Pemerintah AS, melalui FBI dan Departemen Keamanan Dalam Negeri (DHS), telah meluncurkan penyelidikan untuk mengungkap seberapa dalam dampak serangan ini. Menurut sumber yang terpercaya, peretas ini menggunakan kelemahan pada perangkat Cisco untuk memasuki jaringan, yang menambah kekhawatiran tentang integritas sistem infrastruktur penting AS.
Keamanan data pribadi dan informasi sensitif kini menjadi perhatian utama. Serangan ini juga menyoroti kerentanannya sistem telekomunikasi yang seharusnya sudah dilindungi dengan baik. Salah satu celah yang menjadi fokus adalah penerapan CALEA (Communications Assistance for Law Enforcement Act), yang memungkinkan akses pemerintah ke komunikasi pribadi dengan surat perintah. Meskipun dimaksudkan untuk penegakan hukum, keberadaan “pintu belakang” ini justru menambah risiko terhadap ancaman dari negara asing.
Para ahli menyebut bahwa serangan ini dapat mempengaruhi lebih dari sekadar jaringan telekomunikasi. Infiltrasi pada infrastruktur kritis seperti ini dapat mengguncang sektor-sektor penting lainnya, seperti layanan medis, listrik, dan transportasi.

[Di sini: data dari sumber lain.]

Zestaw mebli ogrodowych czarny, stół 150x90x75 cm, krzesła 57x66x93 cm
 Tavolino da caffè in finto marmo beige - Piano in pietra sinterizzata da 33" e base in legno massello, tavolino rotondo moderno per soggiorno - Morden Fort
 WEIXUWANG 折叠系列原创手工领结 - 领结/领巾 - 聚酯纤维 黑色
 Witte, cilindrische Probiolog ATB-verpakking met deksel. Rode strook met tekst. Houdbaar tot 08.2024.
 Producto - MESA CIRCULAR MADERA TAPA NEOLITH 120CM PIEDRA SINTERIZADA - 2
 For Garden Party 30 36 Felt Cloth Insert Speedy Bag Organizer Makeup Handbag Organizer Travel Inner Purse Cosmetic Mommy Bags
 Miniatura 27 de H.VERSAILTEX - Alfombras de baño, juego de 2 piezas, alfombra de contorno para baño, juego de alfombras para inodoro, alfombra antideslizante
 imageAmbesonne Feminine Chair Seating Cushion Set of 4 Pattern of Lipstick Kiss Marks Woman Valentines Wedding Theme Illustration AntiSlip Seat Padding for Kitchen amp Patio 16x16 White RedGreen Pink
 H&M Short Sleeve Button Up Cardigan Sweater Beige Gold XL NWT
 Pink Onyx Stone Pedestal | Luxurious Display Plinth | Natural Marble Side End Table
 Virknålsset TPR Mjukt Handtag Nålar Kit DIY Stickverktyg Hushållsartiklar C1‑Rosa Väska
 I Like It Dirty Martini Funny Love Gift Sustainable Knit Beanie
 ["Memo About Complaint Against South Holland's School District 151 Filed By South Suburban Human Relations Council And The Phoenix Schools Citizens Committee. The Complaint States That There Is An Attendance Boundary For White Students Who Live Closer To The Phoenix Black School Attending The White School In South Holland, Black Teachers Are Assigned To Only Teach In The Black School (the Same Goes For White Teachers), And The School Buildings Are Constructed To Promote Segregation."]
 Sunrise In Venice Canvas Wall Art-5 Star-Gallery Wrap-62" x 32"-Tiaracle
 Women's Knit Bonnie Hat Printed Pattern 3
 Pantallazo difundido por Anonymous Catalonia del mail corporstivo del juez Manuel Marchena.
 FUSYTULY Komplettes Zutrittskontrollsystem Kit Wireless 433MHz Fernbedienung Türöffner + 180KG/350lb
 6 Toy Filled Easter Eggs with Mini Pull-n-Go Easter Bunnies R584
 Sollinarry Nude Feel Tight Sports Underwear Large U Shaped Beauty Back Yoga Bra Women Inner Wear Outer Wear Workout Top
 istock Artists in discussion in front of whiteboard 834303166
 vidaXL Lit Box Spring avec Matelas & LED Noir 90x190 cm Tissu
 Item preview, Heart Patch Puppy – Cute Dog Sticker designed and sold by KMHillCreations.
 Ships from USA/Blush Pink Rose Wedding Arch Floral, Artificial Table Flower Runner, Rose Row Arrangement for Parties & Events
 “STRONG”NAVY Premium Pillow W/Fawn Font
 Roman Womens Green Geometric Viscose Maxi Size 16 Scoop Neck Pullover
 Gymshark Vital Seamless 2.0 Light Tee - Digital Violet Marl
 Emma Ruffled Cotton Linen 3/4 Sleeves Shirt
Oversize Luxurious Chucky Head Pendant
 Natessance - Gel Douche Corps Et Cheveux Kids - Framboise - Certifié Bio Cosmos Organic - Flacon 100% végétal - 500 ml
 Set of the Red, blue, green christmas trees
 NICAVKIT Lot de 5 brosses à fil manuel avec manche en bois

Ini menambah urgensi bagi perusahaan telekomunikasi untuk meningkatkan sistem pertahanan mereka.
Hingga saat ini, penyelidikan masih terus berlangsung, dan dampak penuh dari serangan ini belum sepenuhnya dipahami. Namun, ancaman yang ditimbulkan oleh Salt Typhoon jelas menjadi salah satu serangan siber paling berbahaya dalam beberapa tahun terakhir. Kemampuan kelompok ini untuk mengakses informasi yang sangat sensitif menunjukkan potensi mereka dalam mengancam keamanan nasional AS dan sekutunya.
Sebagai respon, banyak perusahaan teknologi besar seperti Microsoft dan Google, bersama dengan FBI, telah bekerja sama untuk memperbaiki kerentanannya dan mengidentifikasi jejak digital yang ditinggalkan oleh para peretas.
Sementara itu, pemerintah AS dan lembaga terkait tengah memperketat kebijakan keamanan untuk mencegah peretasan serupa terjadi di masa depan.
Secara keseluruhan, serangan Salt Typhoon menyoroti betapa pentingnya menjaga keamanan data dan informasi dalam dunia yang semakin terhubung secara digital. Ini juga menjadi pengingat bagi negara-negara untuk memperkuat pertahanan dunia maya mereka, mengingat ancaman dari kelompok peretas yang didukung negara semakin meningkat.